From what I have been told, the changes in this special patch (not released publicly) were incorporated into View 5.
Rick
I have a specific regional site of 30 users that are also experiecing this exact issue!
the log files show exactly the same info.
we have view 5.1.1 and are using NC221 thinclients. ( i have also tested the 5.3 agent)
No other regional site is effected, the same base image is in use across the board.
Was CEF the issue did you disable this? or was there anything else?
This has been going on since implimetnation to VDI 12 weeks ago.
any help would be great.
Bit of a long shot, but also look at your client firewall. I had the same issue with 4.6 whereby the client screens would blink for a second or so. The culprit turned out to be f-secure client security dropping some of the PCoIP packets.

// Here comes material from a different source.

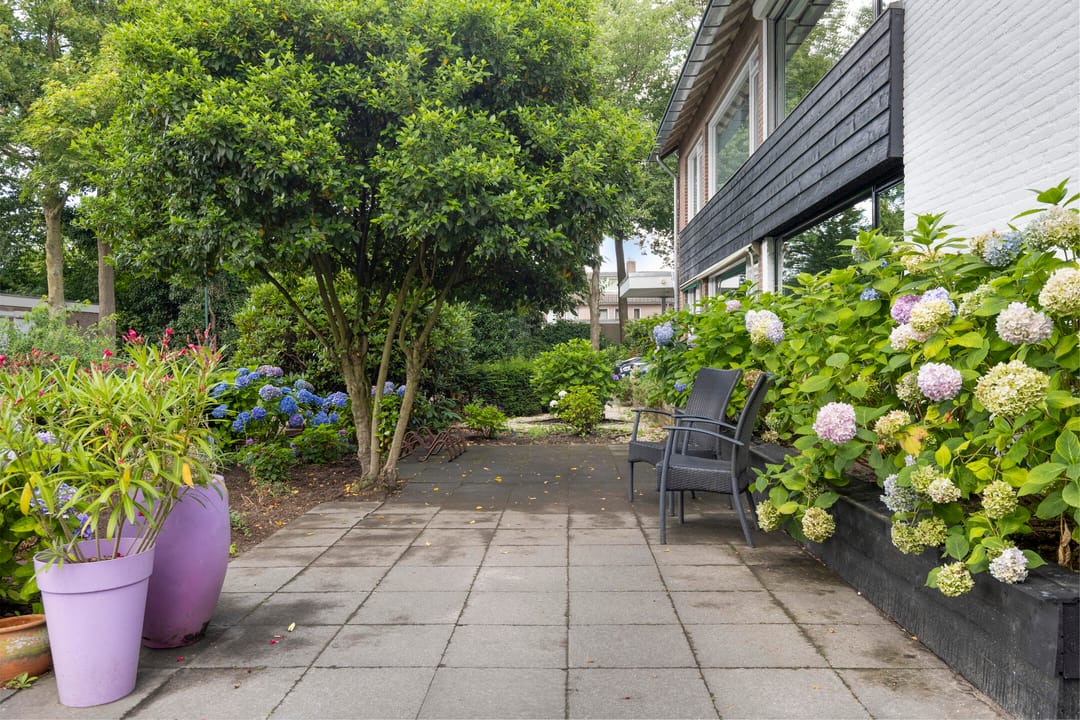 Foto 41 van Bevernelstraat 3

**Problem is now resolved for us**
We found the following in the Pcoip server logs and found many many out of order packets of UDP/pcoip traffic.:
IPC :Received ACK on fsp 6 for unknown flight seq 62
IPC :Received ACK on fsp 11 for unknown flight seq 58
We then switched the Local sites switch stack (Master) switch to Slave and allowed 1 of the other switches to become (Master)
And immediately there was no "out of order" packets and the Pcoip log files did not show the "unknown flight" errors i pasted above anymore.
As a result we replaced the origonal master switch and have a very happy office.
hope this helps someone else.
Regards
Question for you. Did you eventually get this resolved? We are using TERA2140 4x DVI Port Client (Buffalo) Zero Client from IO Corp and the person using this is having the disconnect issues and screen that goes black. Did you have to remove CEF and have to do packet forwarding a different way? What finally worked for you?